Saturday, 16 May 2015

Stealth editing from 'Today'


This is very odd.

Following on from our earlier post about Sarah Montague's interview with Labour's Caroline Flint where the Today presenter said, 
OK, let's discuss why we...why you lost the election this time around in a minute...
I spotted a comment at Biased-BBC:

NISA
@1700hrs BBC today programme is not available. Are they gettting rid of the “We”?

I thought I'd better check that out, just to be sure, and found, at 18.00, that Today is available. So I tutted. 

But, to be even more on the safe side, I then forwarded through to 51:37 mark to make absolutely sure that everything was exactly the same, and found Sarah Montague asking:
OK, let's discuss why we...why you lost the election this time around in a minute...
Now, as you can see, that's slightly different to my earlier transcription of what Sarah said, in that "why we lost the election...why you lost the election" becomes "why we...why you lost the election" - i.e. something much quicker, much more like a mere 'slip of the tongue'.

All I can say is that when I first transcribed what Sarah Montague said, I listened four times to make sure I'd transcribed it precisely, given how juicy it was!

Yet now, it doesn't say exactly what I transcribed. 

Yes, it hasn't got rid of "we" but it now says something slightly less embarrassing.

Listening to that bit of Today now, you will not hear any obvious editing. Everything sounds as natural as if you were hearing it live.

But I am certain, absolutely certain, that what I transcribed a few hours ago is exactly what Sarah Montague said, and that what's on the i-Player now is a slightly-but-crucially edited version of that.

Very sneaky of the BBC, eh?


Update: Then again, and despite all my checking, what I heard as "let's discuss" was almost certainly actually something semi-decipherable containing the word "just". So maybe the blog should be renamed 'Is my hearing as good as I think it is?'

I remain certain though that Today was stealth-edited here, and the surely-Wikipedia-bound Sarah Montague's "we" remains intact.

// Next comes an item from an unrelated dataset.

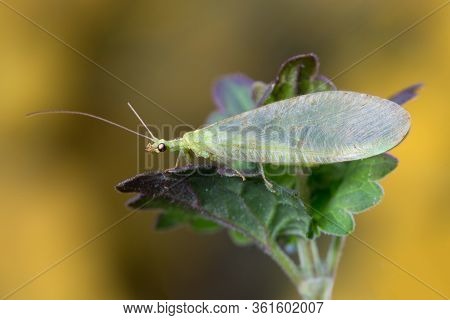 Lacewing Chrysopa Perla, Biological Control Of Agriculture Pests Aphids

Further update: As TrueToo pointed out in a comment at Biased BBC though, why would the BBC go to the trouble of editing this bit but not delete the bit featuring "we"?

Did I really transcribe what I heard so badly, despite repeatedly checking, as to imagine a "lost the election" where there was no "lost the election"?

Well, it's possible, what with confirmation bias, and all that.

I'm now officially nonplussed, and full of self-doubt. Has my 'gotcha' rebounded on me?

Still, the point of the original post, the 'slip of the tongue' over "we", remains, so Sarah's Wikipedia page is still due an update. Jim Naughtie would feel hard-done-by otherwise!